Liburd soon joined the worker's movement providing training for poor women to learn both parenting skills and employment training, guiding them in opening and operating their own businesses. After teaching for several years, she became a civil servant working in the areas of finance and administration. In the 1960s and 1970s, she worked to help develop education policies to improve the opportunities of all children to receive education. Liburd was the first president of the Caribbean Women's Association (CARIWA), an umbrella organization formed in 1970 to collectively mobilize and unite women and women's organizations throughout the region, and was re-elected to the office three times. During the same period, she served as president of the National Council of Women in St. Kitts and during her tenure launched the "Learn to Earn" program which gained acclaim throughout the Caribbean and Canada. The program taught entrepreneurial skills to help women gain economic independence.

In 1974, when the Labour Party created the Federation of Labour Women, Liburd was elected as its first president. The following year, she founded the Toast Mistress Club of St. Kitts and Nevis to train women in effective communication skills. Throughout the 1970s, Liburd represented the Labour Women at numerous international conferences sponsored by the United Nations. She attended the inaugural conference for the Decade for Women held in Mexico City, the mid-decade conference held in 1985 in Copenhagen; and was also a representative at the 1990 conference of Nairobi. She kept a black board updated with local events at the Masses House, in an age devoid of talk radio. The board was vandalized and removed many times, but always returned so that Liburd could exercise her right to free speech.

Between 1982 and 1985, Liburd helped anchor the Trade Union Education Institute and University of the West Indies (UWI) interdisciplinary project to provide training and leadership capacity and teach the history of women's contributions to society as citizens, activists, laborers, and leaders. From 1985 to 1986, she served as one of the policy makers during the Caribbean Women for Democracy conferences held in The Bahamas, Dominica, and Jamaica. Liburd was an executive member of the St. Kitts and Nevis Trade and Labour Union, traveling abroad to numerous training events as its representative. In 1996, she received membership in the Order of the British Empire for her community service work.

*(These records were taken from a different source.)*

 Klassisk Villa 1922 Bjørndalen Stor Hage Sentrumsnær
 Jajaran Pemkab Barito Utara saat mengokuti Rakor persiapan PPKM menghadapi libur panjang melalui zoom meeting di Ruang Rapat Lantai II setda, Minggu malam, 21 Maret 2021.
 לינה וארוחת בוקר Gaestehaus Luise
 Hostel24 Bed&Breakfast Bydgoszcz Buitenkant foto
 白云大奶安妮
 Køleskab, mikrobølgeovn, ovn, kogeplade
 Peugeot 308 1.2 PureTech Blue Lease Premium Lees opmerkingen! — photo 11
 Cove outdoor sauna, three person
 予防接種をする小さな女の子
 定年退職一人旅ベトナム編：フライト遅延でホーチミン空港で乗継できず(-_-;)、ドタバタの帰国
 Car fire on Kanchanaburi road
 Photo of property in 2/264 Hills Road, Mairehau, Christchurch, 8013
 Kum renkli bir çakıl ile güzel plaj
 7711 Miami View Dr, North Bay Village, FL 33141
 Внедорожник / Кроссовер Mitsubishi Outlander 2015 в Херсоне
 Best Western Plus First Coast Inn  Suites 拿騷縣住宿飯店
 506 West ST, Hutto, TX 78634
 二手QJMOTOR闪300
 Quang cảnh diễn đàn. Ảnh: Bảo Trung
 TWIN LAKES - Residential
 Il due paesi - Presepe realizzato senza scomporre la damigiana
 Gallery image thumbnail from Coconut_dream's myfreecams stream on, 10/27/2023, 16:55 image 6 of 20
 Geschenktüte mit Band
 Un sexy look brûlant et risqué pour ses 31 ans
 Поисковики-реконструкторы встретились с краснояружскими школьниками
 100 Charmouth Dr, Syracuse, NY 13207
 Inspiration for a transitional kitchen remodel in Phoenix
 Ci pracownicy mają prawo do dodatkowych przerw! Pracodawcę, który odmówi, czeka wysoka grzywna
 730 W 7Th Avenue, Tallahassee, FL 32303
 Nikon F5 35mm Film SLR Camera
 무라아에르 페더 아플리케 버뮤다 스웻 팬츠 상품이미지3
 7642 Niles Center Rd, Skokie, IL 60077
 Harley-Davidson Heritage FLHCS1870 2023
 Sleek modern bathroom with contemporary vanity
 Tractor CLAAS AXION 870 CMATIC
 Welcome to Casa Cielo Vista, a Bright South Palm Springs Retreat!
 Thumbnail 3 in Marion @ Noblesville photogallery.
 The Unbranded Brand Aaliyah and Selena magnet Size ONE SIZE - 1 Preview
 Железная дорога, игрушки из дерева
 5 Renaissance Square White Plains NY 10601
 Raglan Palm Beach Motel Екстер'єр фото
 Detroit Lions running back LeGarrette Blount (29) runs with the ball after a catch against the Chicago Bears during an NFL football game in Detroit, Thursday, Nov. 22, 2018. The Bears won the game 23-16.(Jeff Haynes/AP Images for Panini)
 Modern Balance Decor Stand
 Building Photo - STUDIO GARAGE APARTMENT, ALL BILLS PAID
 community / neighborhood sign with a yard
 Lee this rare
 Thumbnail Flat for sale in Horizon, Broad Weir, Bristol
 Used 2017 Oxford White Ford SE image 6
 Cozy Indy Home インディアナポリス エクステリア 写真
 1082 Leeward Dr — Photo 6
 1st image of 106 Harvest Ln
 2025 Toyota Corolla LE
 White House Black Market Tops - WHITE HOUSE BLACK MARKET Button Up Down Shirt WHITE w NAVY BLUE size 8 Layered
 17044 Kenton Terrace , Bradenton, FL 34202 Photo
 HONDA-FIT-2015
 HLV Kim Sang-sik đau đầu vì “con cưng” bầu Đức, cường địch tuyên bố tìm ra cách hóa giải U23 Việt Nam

Upon retirement from the civil service, Liburd used her bonus to open a specialty shop where she sold clothing, toiletries, ginger beer, and mauby, as well as her own baked goods. She used her shop to sell local products and provide income for the women of her community who made the goods. In 2004, Liburd was honored with a "Woman of Great Esteem" award by the organization of the same name of New York, for her contributions to the development of women's opportunities in St. Kitts and Nevis.

==Death and legacy==
Liburd died 13 September 2007 in Basseterre, St. Kitts and was buried in the Springfield Cemetery in Basseterre on 25 September 2007. News of her death led lecturers from UWI to create a series of lectures called Forever Indebted to Women to highlight the contributions of Caribbean trade women to the history of their countries. The first lecture Annstory began in St. Kitts and traveled to twelve countries throughout the region, beginning at the end of 2007. In 2011, Liburd was featured in an exhibit promoted by various departments of the Government of Saint Kitts and Nevis to highlight prominent women's accomplishments.